Au Théâtre National de Chaillot, Legend Lin Dance Theatre vient de présenter le spectacle Chants de la Destinée. La chorégraphe Lin Lee-Chen s’inspire de la mythologie et du folklore taïwanais pour explorer une nouvelle fois le langage de la danse et de la « non-danse » contemporaines. Par Alexandra Bobolina.
Une densité noire saisit la vue lorsque le spectacle commence. Les yeux parcourent ce noir pour chercher une forme, une silhouette… le spectacle. Alors, on s’aperçoit, que, à côté des tambours installés aux extrémités de la scène, deux musiciennes sont apparues, entourées par la lumière inconstante des chandelles. Ce sont les battements de leurs tambours qui introduisent sur scène les premiers personnages de cette légende, dernier maillon de la trilogie de Legend Lin Dance Theatre. Lentement, très lentement, les différents éléments apparaissent parmi des décors minimalistes et des sons rythmés. Les pas se suivent nets, parfaitement mesurés et coordonnés entre une vingtaine de danseurs sur scène. Identifiables grâce aux couleurs propres à leur peau et à des costumes très contrastés, ils sont divisés en communautés entre la nature et la divinité. Aucun des personnage qui habitent la scène ne peut être considéré comme le principal, chacun étant important à un moment donné. D’une voix puissante, la sorcière chante alors que les corps blancs des ballerines s’avancent pas à pas, en réponse silencieuse au mouvement des figures noires des hommes, animaux, oiseaux, tempétueux et solides à la fois. Cette chorégraphie pratiquement statique ressemble à un tableau symboliste de par sa narration et futuriste de par sa géométrie précise. Chaque figure dans ce bouquet d’identités agit, portée par l’énergie d’un ensemble, tout est subordonné à des forces supérieures.

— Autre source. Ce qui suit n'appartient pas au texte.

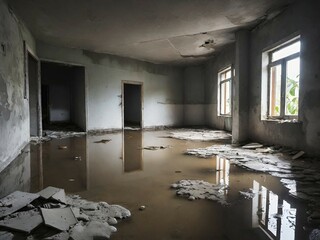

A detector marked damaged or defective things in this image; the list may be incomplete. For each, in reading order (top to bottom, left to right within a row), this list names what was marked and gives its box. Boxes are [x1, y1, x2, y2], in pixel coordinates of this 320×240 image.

damaged ceiling [7, 0, 296, 64]
broken drywall sheet [0, 191, 39, 218]
broken ceiling tile [0, 192, 39, 218]
broken drywall sheet [171, 179, 229, 205]
broken ceiling tile [0, 209, 42, 233]
broken drywall sheet [0, 209, 42, 233]
broken ceiling tile [40, 207, 78, 232]
broken drywall sheet [40, 207, 78, 232]
broken ceiling tile [69, 220, 117, 240]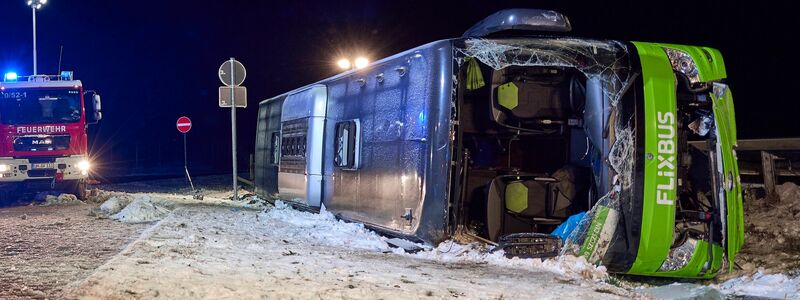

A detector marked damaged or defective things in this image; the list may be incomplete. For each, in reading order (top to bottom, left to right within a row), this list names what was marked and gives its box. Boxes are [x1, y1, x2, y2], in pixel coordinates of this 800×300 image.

damaged bus exterior [255, 8, 744, 278]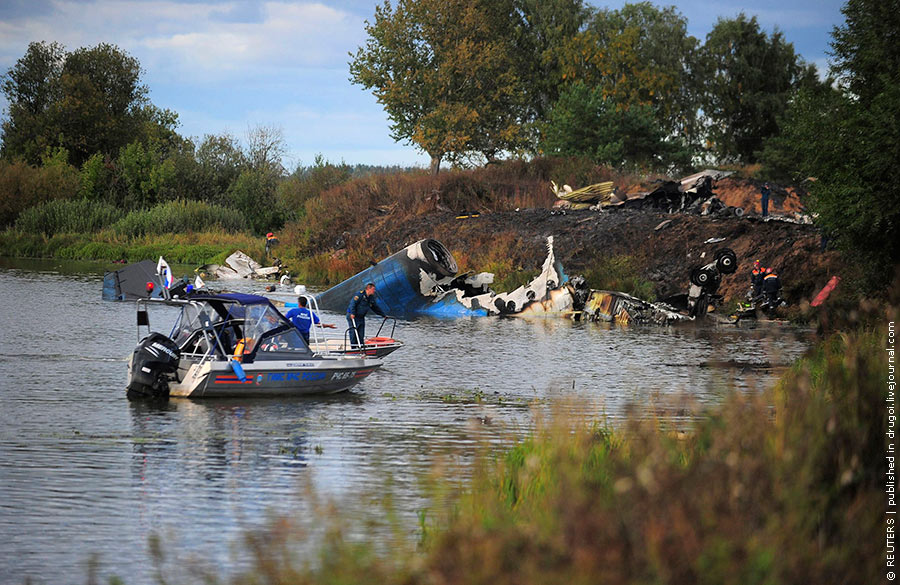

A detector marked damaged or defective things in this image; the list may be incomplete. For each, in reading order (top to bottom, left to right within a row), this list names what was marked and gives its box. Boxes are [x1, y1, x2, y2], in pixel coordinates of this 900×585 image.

torn metal sheet [312, 238, 576, 320]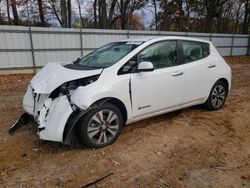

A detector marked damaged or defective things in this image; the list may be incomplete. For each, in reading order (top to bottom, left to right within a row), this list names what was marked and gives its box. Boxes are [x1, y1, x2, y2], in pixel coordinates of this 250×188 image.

damaged front end [9, 62, 101, 148]
crumpled hood [30, 62, 102, 94]
broken headlight [48, 74, 99, 99]
detached wheel [204, 80, 228, 110]
detached wheel [76, 103, 122, 148]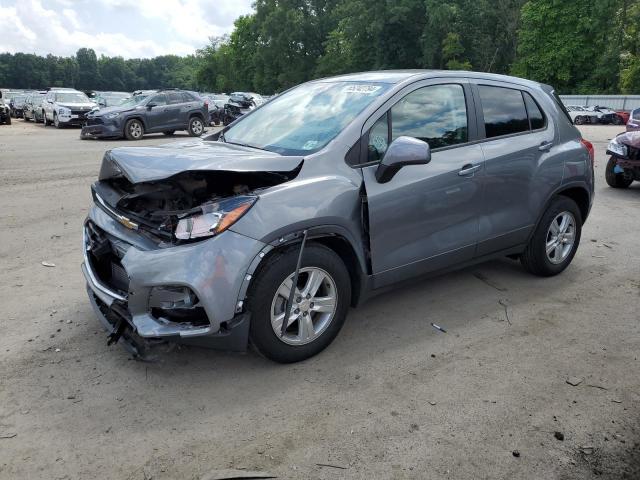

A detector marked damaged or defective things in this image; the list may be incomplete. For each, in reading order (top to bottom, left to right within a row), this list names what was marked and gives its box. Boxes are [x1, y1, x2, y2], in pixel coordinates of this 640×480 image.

bent hood [102, 140, 304, 185]
cracked headlight [608, 138, 628, 157]
parked damaged vehicle [604, 131, 640, 188]
cracked headlight [175, 195, 258, 240]
damaged chevrolet trax [84, 71, 596, 362]
parked damaged vehicle [84, 71, 596, 362]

Un calme imposant règne sur la scène pendant les premières (longues) minutes. On attend. Le spectacle a commencé, et pourtant, son évolution nous reste étrangère et incompréhensible. Une tension étouffée émane de cette composition, où chaque trait évoque la puissance d’une force d’une explosion qui paraît destinée à ne jamais se produire. Les décors se résument en de larges tissus, qui traversent la scène et leur transparence souligne la présence insaisissable des acteurs. Habillés et déshabillés en couleurs, vivants, maquillés, certains portent des costumes du folklore des populations taïwanaises miao, dong ou aborigènes et symbolisent leur intemporalité. Les accessoires sont parties intégrantes de leur mouvement comme les plumes, prolongations des corps des aigles ou l’éventail sur la tête d’une des danseuses centrales. Comme ça, entre la nature et la divinité, dans leur inhumanité, ces êtres fascinent le spectateur sans pour autant satisfaire la curiosité de son voyeurisme.

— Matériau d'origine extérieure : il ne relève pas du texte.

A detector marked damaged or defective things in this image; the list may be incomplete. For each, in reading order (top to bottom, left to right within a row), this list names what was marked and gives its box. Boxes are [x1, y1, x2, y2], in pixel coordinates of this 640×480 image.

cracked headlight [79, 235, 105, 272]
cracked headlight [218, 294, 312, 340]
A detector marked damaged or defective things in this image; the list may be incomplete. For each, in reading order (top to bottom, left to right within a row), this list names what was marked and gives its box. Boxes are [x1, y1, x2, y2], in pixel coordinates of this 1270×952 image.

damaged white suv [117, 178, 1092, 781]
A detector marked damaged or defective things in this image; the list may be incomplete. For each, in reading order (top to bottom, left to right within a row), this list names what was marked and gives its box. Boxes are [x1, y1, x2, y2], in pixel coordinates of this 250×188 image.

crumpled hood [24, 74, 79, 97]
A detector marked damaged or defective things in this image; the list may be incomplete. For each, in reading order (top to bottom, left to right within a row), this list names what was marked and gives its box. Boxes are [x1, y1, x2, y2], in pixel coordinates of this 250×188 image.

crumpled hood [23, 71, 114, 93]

Puis, sans que l’on s’en aperçoive, les mouvements s’accélèrent, les sons dictent des gestes de plus en plus amples et finissent par nous absorber dans ce monde ou s’alternent les phénomènes naturels et les conflits. La légende raconte que l’esprit blanc du fleuve est amoureux d’un aigle. Mais ils ne pourront être ensemble, car l’esprit est promis en épouse à la nature. Sous les chants de la chamane une union entre la nature et l’esprit, l’aigle et le fleuve, a lieu dans une danse amoureuse. Un combat bouleverse l’équilibre et s’achève par la transformation des acteurs. Et puis la paix revient, chacun retrouve sa place. Ou plutôt rien n’a vraiment changé, du déjà vu mais en un peu différent.
Lin Lee-Chen a fondé Legend Lin Dance Theatre il y a 16 ans pour raconter sa terre natale Taïwan. En 1995, Miroirs de vie illustre un rituel religieux dans un temple et Hymne aux Fleurs Qui Passent traverse les saisons en quatre scènes où les hommes et les dieux prennent leur part dans le mouvement cyclique de la nature. Avec Chant de la destinée le cercle se ferme. Ce dernier épisode a demandé 9 ans de travail pour Legend Lin Dance Theatre.

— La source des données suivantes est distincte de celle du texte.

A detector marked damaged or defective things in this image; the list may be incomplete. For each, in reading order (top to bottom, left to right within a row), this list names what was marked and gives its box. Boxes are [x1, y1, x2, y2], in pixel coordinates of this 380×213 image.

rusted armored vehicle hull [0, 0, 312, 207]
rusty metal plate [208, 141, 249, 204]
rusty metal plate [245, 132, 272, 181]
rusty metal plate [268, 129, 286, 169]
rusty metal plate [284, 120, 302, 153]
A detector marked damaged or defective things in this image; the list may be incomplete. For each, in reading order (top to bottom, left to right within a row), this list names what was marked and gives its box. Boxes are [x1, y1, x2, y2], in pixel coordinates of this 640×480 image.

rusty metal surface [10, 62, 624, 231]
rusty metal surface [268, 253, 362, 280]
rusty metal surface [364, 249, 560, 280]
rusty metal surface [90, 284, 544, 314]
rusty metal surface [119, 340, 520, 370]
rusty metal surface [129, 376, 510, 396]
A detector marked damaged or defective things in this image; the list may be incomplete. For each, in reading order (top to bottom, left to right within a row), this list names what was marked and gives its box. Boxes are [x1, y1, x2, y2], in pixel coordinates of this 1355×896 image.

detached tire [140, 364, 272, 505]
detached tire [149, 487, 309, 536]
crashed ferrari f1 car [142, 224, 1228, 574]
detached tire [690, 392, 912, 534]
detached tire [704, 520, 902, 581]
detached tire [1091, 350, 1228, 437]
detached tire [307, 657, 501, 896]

La vision taoïste de l’univers occupe une place importante dans le travail de la troupe. Les liens entre Yin et le Yang maintiennent l’ordre dans le déroulement cyclique où chaque élément et chaque être font partie essentielle de la construction générale. Ses danseurs interprètent les concepts principaux du taoïsme : transformation, changement, exercice, purification, métamorphose. Rien ne s’achève et les extrêmes s’échangent dans un monde où négatif et positif n’existent pas. La nature, l’énergie, les esprits et les hommes, tout fait part d’un monde où l’équilibre parfait se maintient par la transformation incessante de ces différentes unités.
La danse contemporaine orientale est un art où, on le sait à l’avance, le plaisir visuel aura un rôle principal et on s’y abandonne volontiers. Dans Chants de la Destinée, cette beauté indubitable reste étrangère, trop lointaine pour être contemplée de manière spontanée tellement la tension physique se transmet de la scène vers le public. C’est peut-être la lourdeur d’une introduction, qui est, malgré tout, nécessaire pour nous permettre par la suite l’accès inconditionné au monde des ancêtres. Sous la direction de Lin Lee-Chen, la philosophie taoïste, la présence humaine et les êtres surnaturels se retrouvent dans une harmonie à la fois fragile et puissante. La volonté de perfection transpire dans la cohésion entre les corps, le son et le mouvement, visuel, chromatique, sensoriel. Et parfois, comme dans la vie, Chants de la Destinée nous rapproche de cette perfection.
Alexandra Bobolina.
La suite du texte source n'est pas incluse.